Seaspac: Creas celebra 30 anos do ECA na luta pelos direitos da criança e do adolescente

O Creas tem um importante papel na articulação da rede de atendimento do município a fim de contribuir para a efetividade das ações no que se refere à proteção e riscos da criança e do adolescente.

Em 2020 o Estatuto da Criança e do Adolescente (ECA) completa 30 anos. Em Marabá são várias as instituições que trabalham em conjunto com a Secretaria de Assistência Social, Proteção e Assuntos Comunitários (Seaspac) para construir os direitos e garantias que o Estatuto trouxe consigo quando foi criado em 13 de julho de 1990.

O Centro de Referência Especializado em Assistência Social (Creas), localizado na Cidade Nova, é um desses órgãos. Maria Neusa Silva Sá, Coordenadora do Creas, explica que “é na aplicação do ECA, que diariamente, estão fundamentados todos os procedimentos voltados ao atendimento da população infanto-juvenil, cuja situação  em que estejam inseridos, seja de violação de direitos”.

Com o ECA, o Brasil passou pela primeira vez a reconhecer a criança e o adolescente como cidadãos, tendo trazido grandes avanços, tais como o direito à convivência familiar e comunitária, o direito de crescer com liberdade e dignidade, o direito a educação, ao respeito, a integridade física e mental, entre outros.

Entre as conquistas mais importantes do ECA, recentemente Maria Neusa Silva ressalta a Lei n° 13.010, “através da qual se define claramente o que é castigo físico e das penalidades aplicadas em desfavor para quem o pratica e as alterações de questões voltadas para a educação, para o poder familiar, para a atuação dos Conselhos Tutelares e suas atribuições. Em 2015 tornou-se crime o ato de vender, fornecer, servir, ministrar ou entregar bebidas alcoólicas para crianças e adolescentes” .

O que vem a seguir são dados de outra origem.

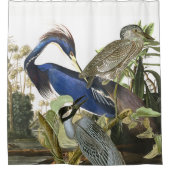 Audubon Herons & Dove Birds Animal Shower Curtain Douchegordijn (Voorkant)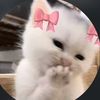 samah.hosni3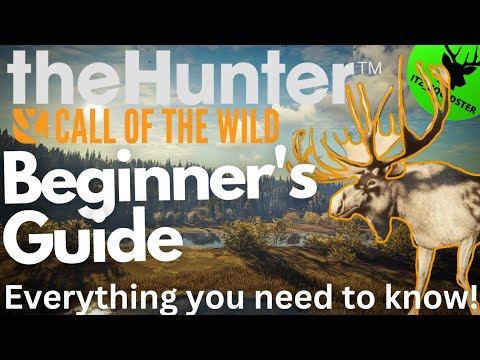 ULTIMATE BEGINNER'S GUIDE 2024!! (Updated!!!) | theHunter Call of the Wild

O Creas tem um importante papel na articulação da rede de atendimento do município a fim de contribuir para a efetividade das ações no que se refere à proteção e riscos da criança e do adolescente, sua principal função é fortalecer o papel protetivo da família. Durante a quarentena foram realizadas ações contra o abuso sexual e exploração de crianças e adolescentes.

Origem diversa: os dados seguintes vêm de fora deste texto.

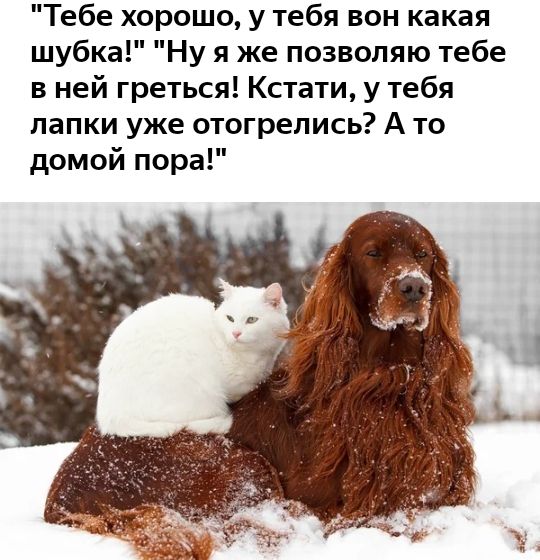 Тебе хорошо у тебя вон какая шубка Ну я же позволяю тебе в ней греться Кстати у тебя папки уже отогрелись А то домой пора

Cajum formou mais de 700 jovens, em cursos profissionalizantes, em parceria com a Prefeitura

CMDCA

Outras demandas atendidas pela Rede de Proteção de Proteção a Infância do Município, que também conta com o Centro de Referência de Assistência Social (Cras) e o Conselho Municipal dos Direitos das Crianças e Adolescentes (CMDCA), se referem à prevenção da gravidez na adolescênciaviolência doméstica, enfrentamento a situações de risco, uso de drogas ilícitas, entre outros

O presidente do CMDCA e da Casa da Juventude de Marabá (Cajum), Diorgio Santos, ressalta que esse ano os órgãos tem trabalhado para conseguir investimentos para essa área, sobretudo na zona rural. “Conseguimos investimentos para APAE, que faz um trabalho maravilhoso com esse público. Na zona rural, que sofre muito com essas mazelas de exploração infantil, trabalhamos em conjunto com Instituto Nós do Brejo, Instituto Adevima”, ressalta.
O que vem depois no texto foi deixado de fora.